Short web captions:
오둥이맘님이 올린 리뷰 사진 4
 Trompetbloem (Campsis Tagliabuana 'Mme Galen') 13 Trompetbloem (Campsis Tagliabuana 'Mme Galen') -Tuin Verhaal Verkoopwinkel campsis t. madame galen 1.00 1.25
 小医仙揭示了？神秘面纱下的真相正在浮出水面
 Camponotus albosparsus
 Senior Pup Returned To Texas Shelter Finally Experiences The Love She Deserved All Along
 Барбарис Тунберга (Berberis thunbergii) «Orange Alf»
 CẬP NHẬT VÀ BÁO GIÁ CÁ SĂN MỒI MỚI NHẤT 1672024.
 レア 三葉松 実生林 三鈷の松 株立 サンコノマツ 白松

#### WORK ORDER
Print all entries again, exactly.

#### EXERCISE SOLUTION
오둥이맘님이 올린 리뷰 사진 4
 Trompetbloem (Campsis Tagliabuana 'Mme Galen') 13 Trompetbloem (Campsis Tagliabuana 'Mme Galen') -Tuin Verhaal Verkoopwinkel campsis t. madame galen 1.00 1.25
 小医仙揭示了？神秘面纱下的真相正在浮出水面
 Camponotus albosparsus
 Senior Pup Returned To Texas Shelter Finally Experiences The Love She Deserved All Along
 Барбарис Тунберга (Berberis thunbergii) «Orange Alf»
 CẬP NHẬT VÀ BÁO GIÁ CÁ SĂN MỒI MỚI NHẤT 1672024.
 レア 三葉松 実生林 三鈷の松 株立 サンコノマツ 白松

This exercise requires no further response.